*Activity:* Using the listing below, print the line containing "Hotel Jana,位于普热罗夫的酒店", the line containing "Woodland Spirits –", and each line between them, exactly and nothing else. Pictures stay out of the print.

*Data listing:*
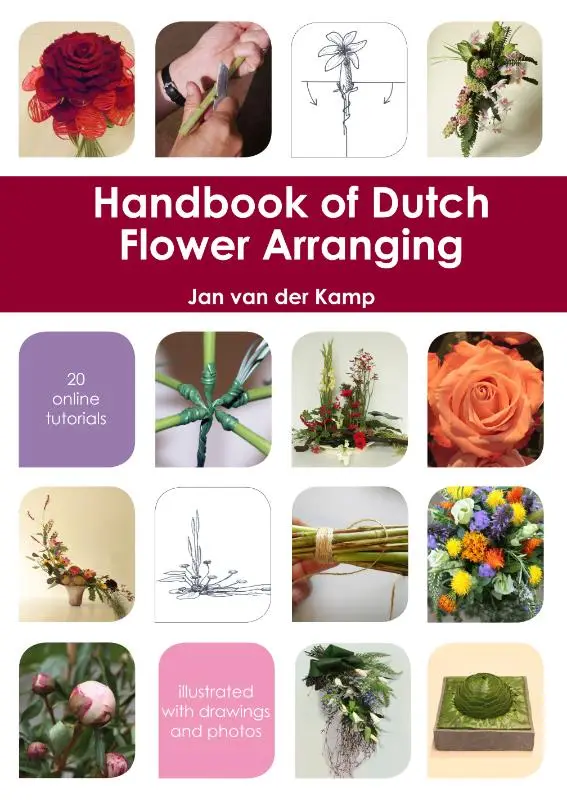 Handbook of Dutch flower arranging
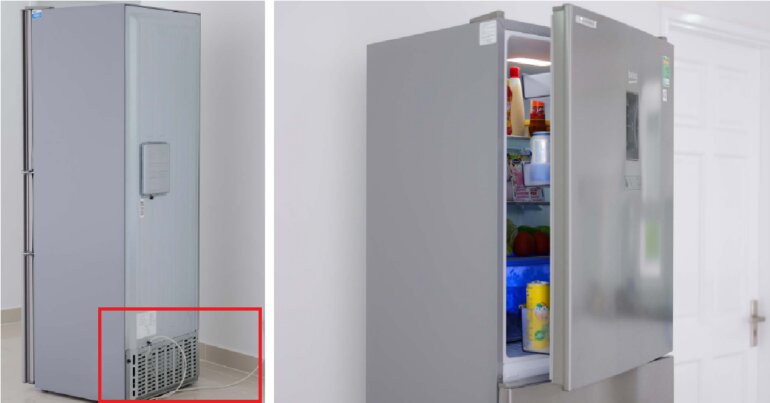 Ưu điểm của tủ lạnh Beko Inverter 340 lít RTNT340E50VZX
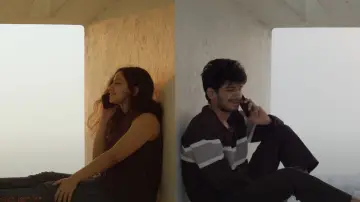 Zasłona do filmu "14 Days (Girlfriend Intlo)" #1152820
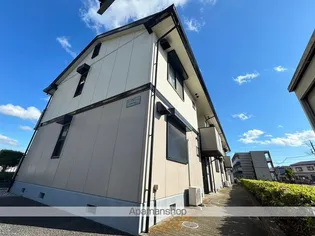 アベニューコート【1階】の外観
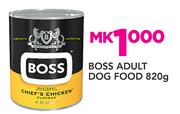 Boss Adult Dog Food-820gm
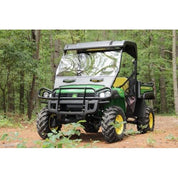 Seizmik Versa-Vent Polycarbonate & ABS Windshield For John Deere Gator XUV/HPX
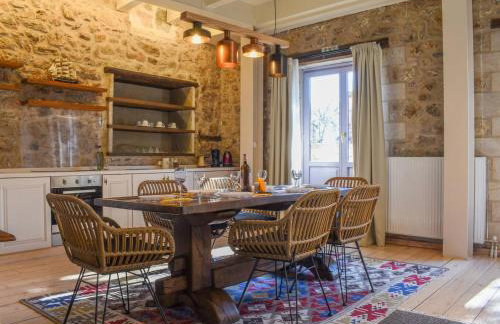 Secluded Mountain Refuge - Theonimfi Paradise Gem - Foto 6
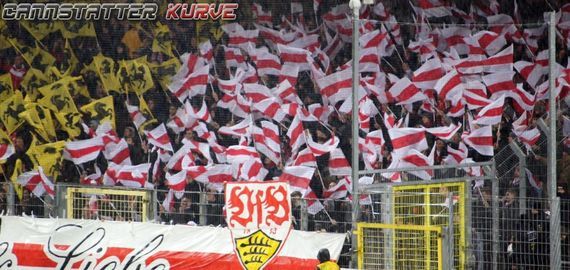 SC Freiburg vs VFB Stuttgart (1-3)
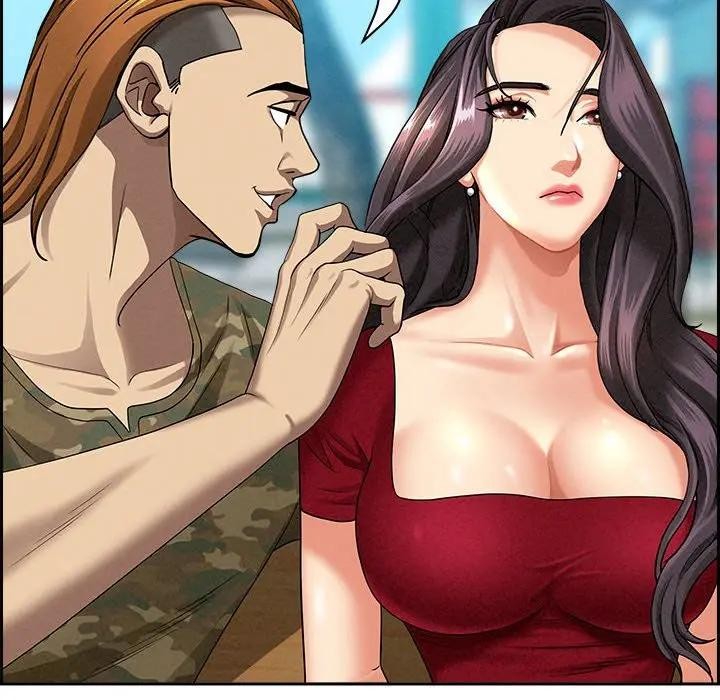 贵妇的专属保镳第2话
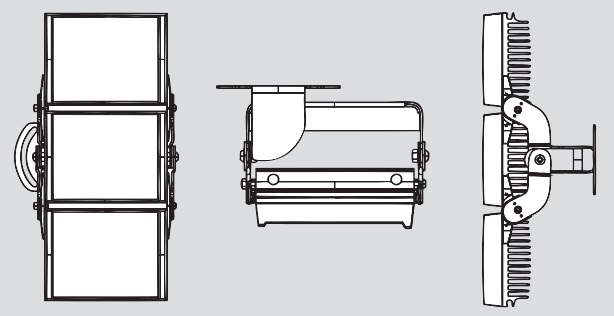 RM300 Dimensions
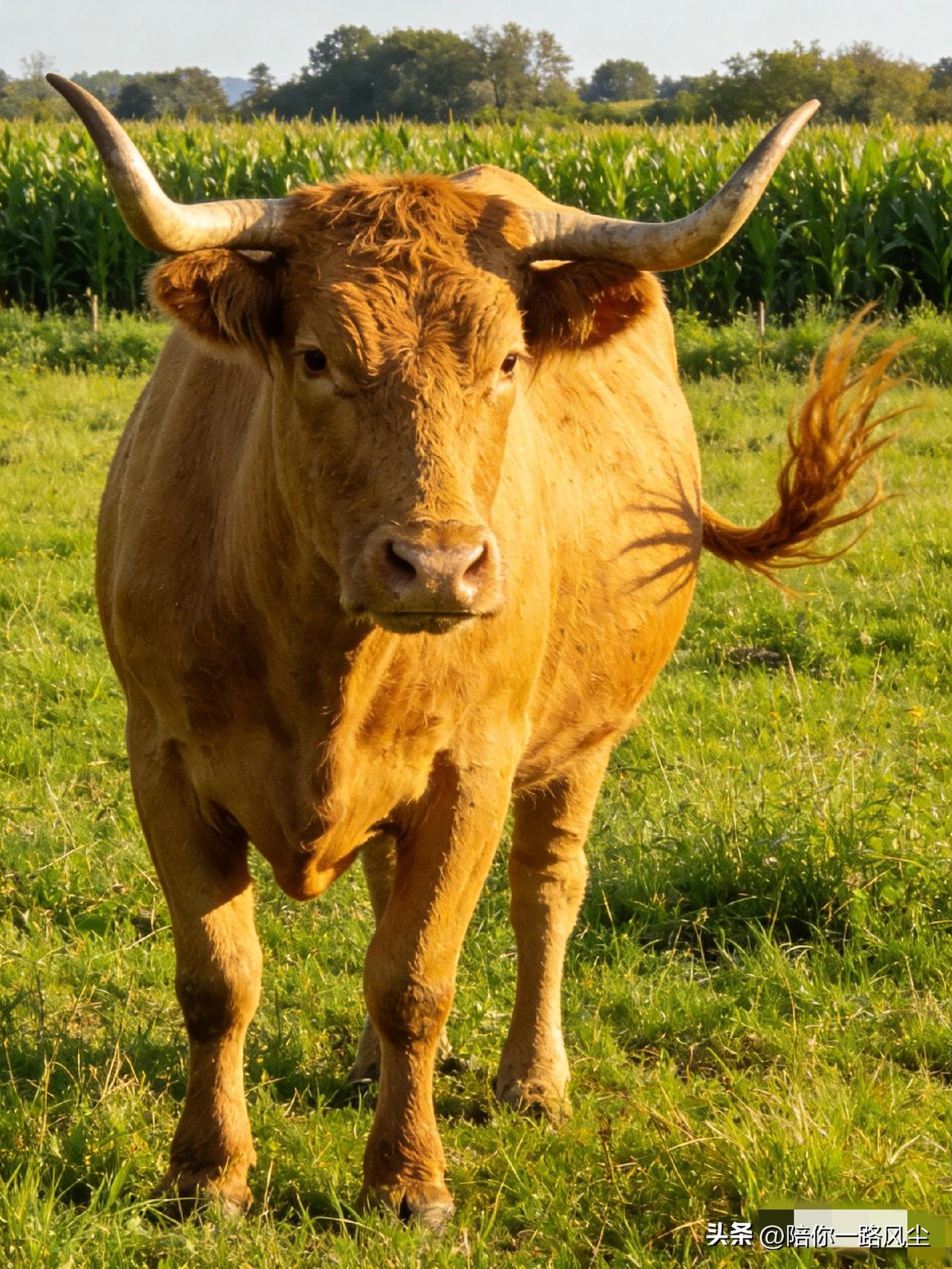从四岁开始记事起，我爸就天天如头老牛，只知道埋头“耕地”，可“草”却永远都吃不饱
==
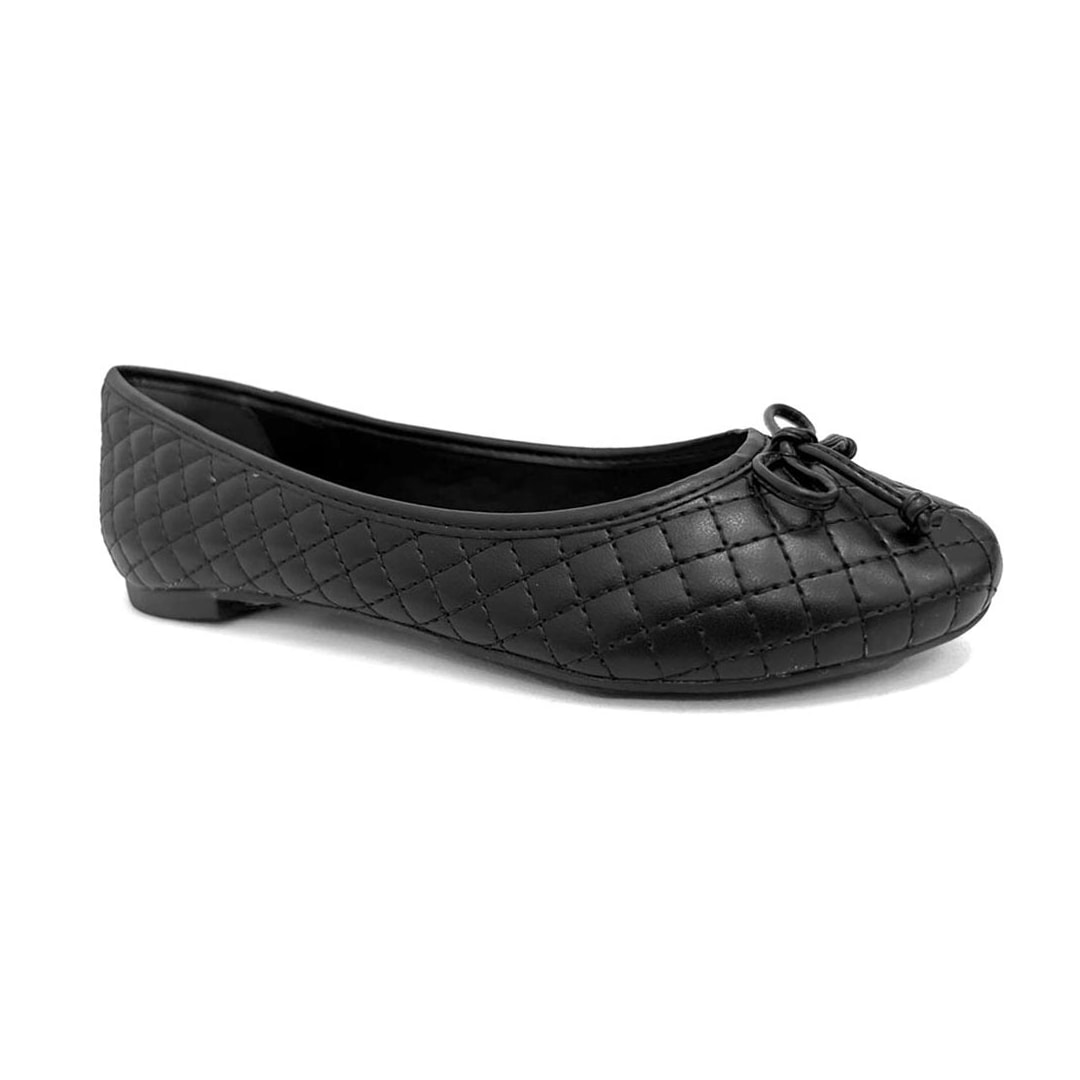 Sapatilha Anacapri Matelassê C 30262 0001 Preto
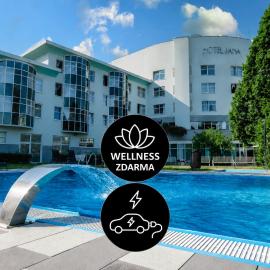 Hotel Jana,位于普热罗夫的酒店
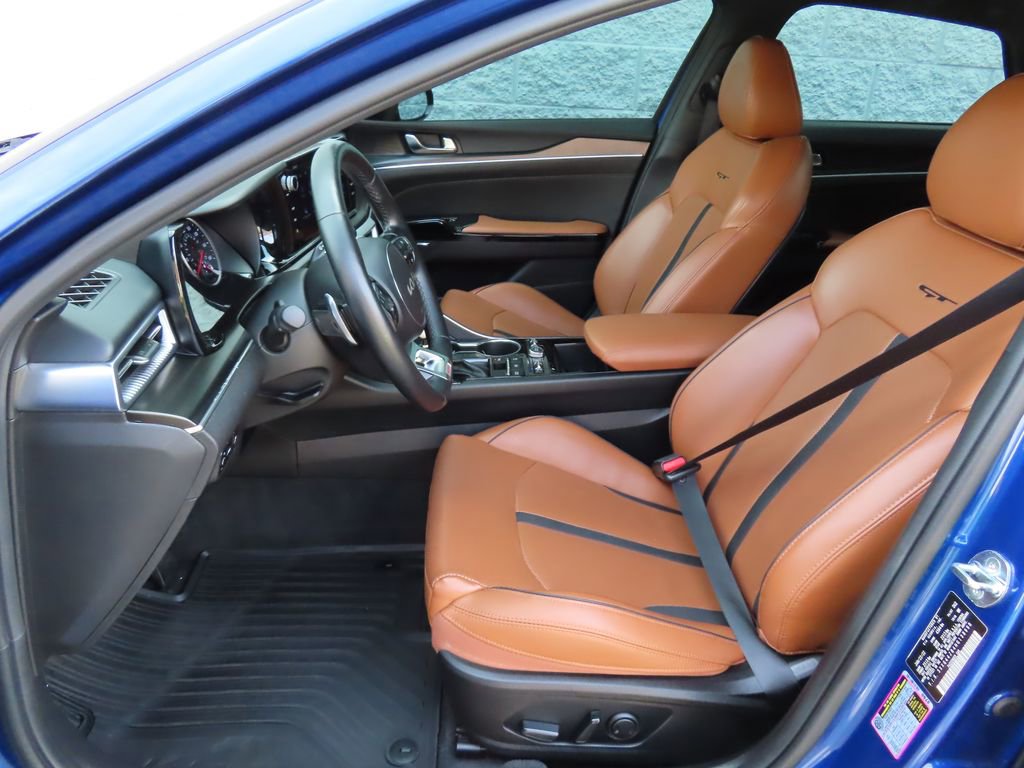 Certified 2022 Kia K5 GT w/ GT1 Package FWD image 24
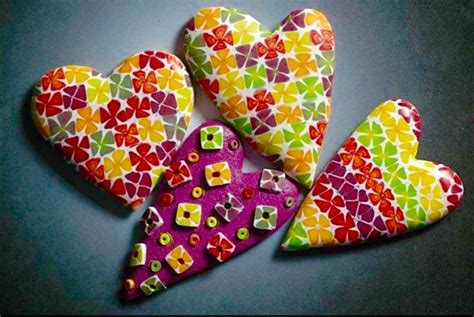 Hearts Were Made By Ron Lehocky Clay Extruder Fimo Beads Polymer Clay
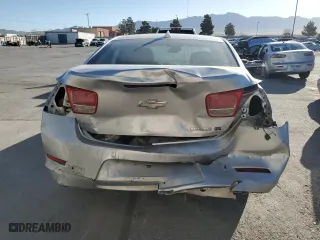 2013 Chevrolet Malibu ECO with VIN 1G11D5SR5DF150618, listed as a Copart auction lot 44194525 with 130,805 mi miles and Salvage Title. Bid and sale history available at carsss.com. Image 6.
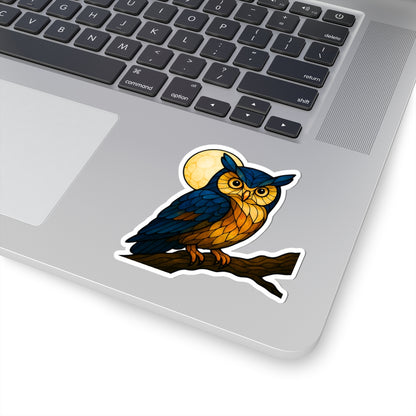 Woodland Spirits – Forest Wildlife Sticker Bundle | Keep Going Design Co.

*Response to this task:*
 Hotel Jana,位于普热罗夫的酒店
 Certified 2022 Kia K5 GT w/ GT1 Package FWD image 24
 Hearts Were Made By Ron Lehocky Clay Extruder Fimo Beads Polymer Clay
 2013 Chevrolet Malibu ECO with VIN 1G11D5SR5DF150618, listed as a Copart auction lot 44194525 with 130,805 mi miles and Salvage Title. Bid and sale history available at carsss.com. Image 6.
 Woodland Spirits – Forest Wildlife Sticker Bundle | Keep Going Design Co.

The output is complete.